Crawled caption data
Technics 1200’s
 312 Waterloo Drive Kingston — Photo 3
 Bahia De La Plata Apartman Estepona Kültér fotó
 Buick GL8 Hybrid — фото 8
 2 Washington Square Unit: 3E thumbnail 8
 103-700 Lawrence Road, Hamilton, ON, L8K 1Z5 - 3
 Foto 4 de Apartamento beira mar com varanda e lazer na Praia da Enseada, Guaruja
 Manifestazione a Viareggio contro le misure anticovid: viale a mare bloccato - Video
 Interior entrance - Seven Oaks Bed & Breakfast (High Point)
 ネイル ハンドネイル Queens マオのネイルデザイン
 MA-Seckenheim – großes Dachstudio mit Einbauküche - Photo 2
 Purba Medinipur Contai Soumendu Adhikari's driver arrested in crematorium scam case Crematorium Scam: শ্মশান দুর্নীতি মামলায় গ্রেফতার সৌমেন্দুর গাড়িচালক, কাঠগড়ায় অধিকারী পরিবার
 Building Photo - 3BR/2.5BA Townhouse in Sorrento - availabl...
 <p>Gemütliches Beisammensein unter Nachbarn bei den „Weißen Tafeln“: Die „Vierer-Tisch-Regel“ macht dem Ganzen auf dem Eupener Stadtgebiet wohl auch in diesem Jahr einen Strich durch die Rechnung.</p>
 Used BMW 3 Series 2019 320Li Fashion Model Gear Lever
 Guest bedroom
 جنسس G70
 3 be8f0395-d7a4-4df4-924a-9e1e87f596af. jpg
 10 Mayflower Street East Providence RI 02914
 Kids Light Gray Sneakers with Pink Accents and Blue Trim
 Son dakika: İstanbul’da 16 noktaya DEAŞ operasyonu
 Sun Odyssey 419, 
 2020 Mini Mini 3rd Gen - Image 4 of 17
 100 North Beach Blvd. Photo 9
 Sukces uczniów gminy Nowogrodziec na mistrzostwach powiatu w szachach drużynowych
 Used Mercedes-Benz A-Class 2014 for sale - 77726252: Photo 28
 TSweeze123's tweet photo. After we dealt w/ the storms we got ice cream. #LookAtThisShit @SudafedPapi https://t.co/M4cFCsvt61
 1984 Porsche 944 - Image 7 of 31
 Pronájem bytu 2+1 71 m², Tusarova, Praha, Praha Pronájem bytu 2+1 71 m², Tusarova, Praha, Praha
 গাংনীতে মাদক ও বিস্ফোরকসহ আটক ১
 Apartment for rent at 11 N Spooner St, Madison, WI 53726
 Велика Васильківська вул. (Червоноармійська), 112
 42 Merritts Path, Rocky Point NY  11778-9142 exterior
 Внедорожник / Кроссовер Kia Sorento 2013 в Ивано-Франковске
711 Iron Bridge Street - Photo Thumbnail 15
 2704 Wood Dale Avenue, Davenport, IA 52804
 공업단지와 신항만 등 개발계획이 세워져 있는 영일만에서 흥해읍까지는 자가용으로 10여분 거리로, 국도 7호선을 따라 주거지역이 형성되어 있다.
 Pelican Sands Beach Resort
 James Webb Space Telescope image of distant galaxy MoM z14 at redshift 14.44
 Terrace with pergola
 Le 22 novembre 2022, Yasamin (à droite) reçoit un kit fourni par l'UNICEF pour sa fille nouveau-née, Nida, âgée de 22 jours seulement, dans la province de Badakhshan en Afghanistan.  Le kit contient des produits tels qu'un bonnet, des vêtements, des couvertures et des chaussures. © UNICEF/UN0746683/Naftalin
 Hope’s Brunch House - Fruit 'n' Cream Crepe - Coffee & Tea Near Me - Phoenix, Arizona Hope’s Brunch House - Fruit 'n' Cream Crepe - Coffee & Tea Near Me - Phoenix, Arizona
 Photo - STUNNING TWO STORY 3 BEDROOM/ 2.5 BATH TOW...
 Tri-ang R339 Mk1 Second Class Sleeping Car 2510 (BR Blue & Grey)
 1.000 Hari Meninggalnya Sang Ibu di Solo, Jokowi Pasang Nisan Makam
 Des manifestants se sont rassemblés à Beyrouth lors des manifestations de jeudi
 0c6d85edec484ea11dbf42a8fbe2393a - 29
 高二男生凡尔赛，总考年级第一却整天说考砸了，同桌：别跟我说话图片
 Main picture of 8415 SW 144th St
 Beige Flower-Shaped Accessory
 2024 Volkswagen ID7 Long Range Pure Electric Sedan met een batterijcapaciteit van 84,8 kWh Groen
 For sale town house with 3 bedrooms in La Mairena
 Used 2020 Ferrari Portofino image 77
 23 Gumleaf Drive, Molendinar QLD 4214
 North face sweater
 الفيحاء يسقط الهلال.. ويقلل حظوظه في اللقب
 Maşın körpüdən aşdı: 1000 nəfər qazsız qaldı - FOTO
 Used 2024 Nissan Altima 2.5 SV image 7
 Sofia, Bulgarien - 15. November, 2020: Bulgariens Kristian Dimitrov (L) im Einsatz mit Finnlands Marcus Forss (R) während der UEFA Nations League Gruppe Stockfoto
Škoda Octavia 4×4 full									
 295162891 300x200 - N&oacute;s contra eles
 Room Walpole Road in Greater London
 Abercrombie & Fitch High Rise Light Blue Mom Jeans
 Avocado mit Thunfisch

§ The problem
Extract exactly and only the lines above from the line containing "Pronájem bytu 2+1 71 m², Tusarova, Praha, Praha Pronájem" through the line containing "42 Merritts Path, Rocky", both end lines included.

§ Expected answer
 Pronájem bytu 2+1 71 m², Tusarova, Praha, Praha Pronájem bytu 2+1 71 m², Tusarova, Praha, Praha
 গাংনীতে মাদক ও বিস্ফোরকসহ আটক ১
 Apartment for rent at 11 N Spooner St, Madison, WI 53726
 Велика Васильківська вул. (Червоноармійська), 112
 42 Merritts Path, Rocky Point NY  11778-9142 exterior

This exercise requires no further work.